• **Work item**
All that is wanted is the exact text of the lines below from the one with "Free Image of" through the one with "2485 Falkirk Dr, Colorado", inclusive, minus any pictures.

• **Exercise data**
──────

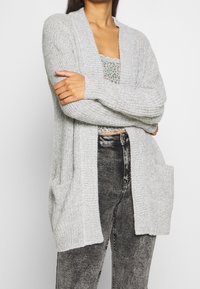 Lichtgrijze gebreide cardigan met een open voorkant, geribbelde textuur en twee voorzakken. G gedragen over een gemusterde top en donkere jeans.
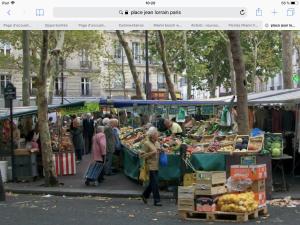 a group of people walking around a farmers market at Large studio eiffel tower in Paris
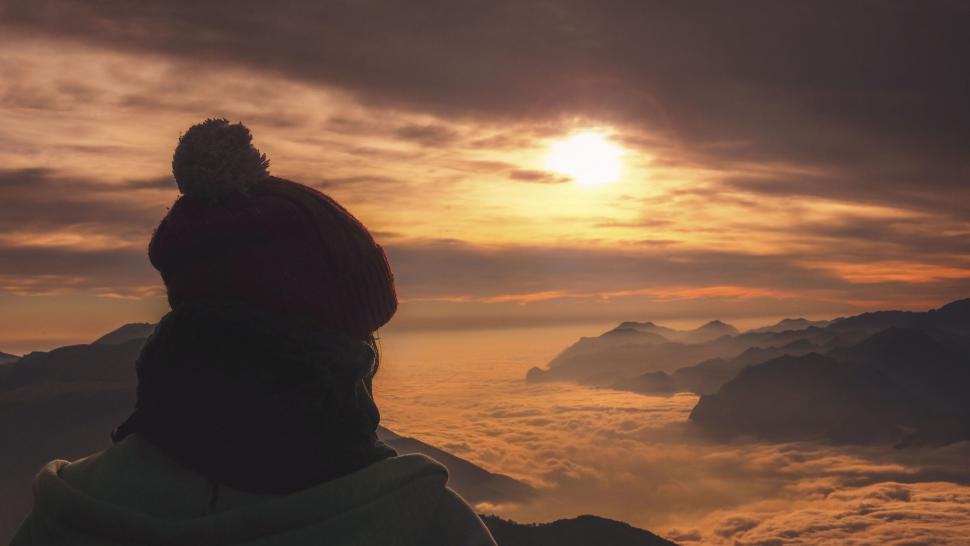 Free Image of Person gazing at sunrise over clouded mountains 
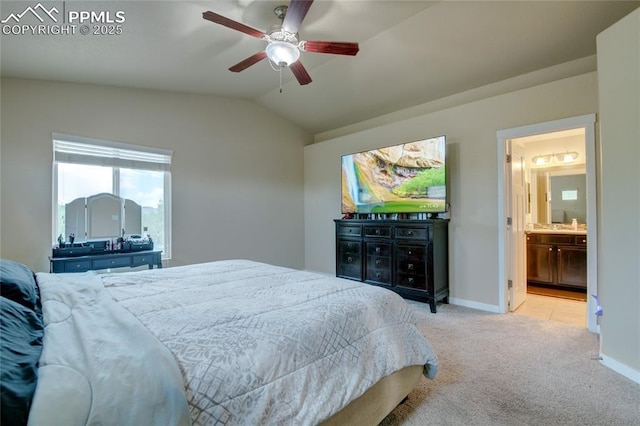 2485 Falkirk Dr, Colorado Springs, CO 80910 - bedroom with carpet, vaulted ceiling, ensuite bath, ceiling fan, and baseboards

──────

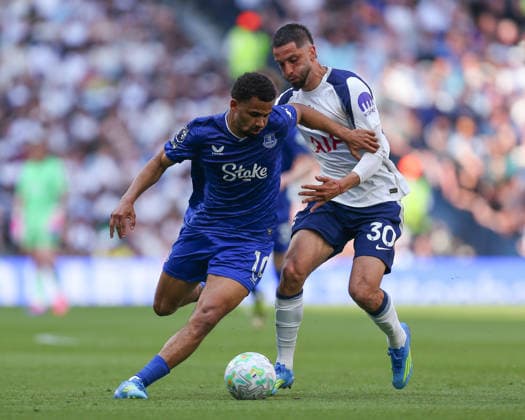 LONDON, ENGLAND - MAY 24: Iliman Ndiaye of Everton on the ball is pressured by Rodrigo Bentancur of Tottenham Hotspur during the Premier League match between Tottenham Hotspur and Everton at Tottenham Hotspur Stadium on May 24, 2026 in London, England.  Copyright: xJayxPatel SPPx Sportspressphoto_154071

──────

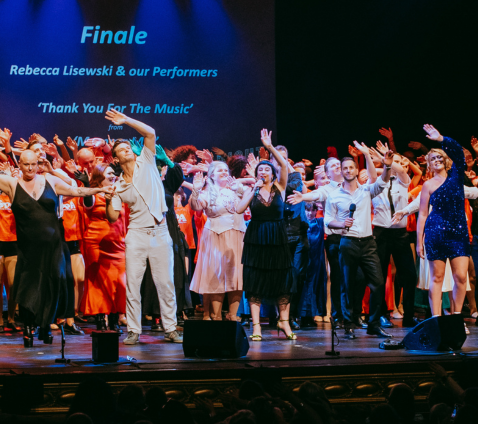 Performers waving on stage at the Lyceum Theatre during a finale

──────

• **Answer to the problem**
 Free Image of Person gazing at sunrise over clouded mountains 
 2485 Falkirk Dr, Colorado Springs, CO 80910 - bedroom with carpet, vaulted ceiling, ensuite bath, ceiling fan, and baseboards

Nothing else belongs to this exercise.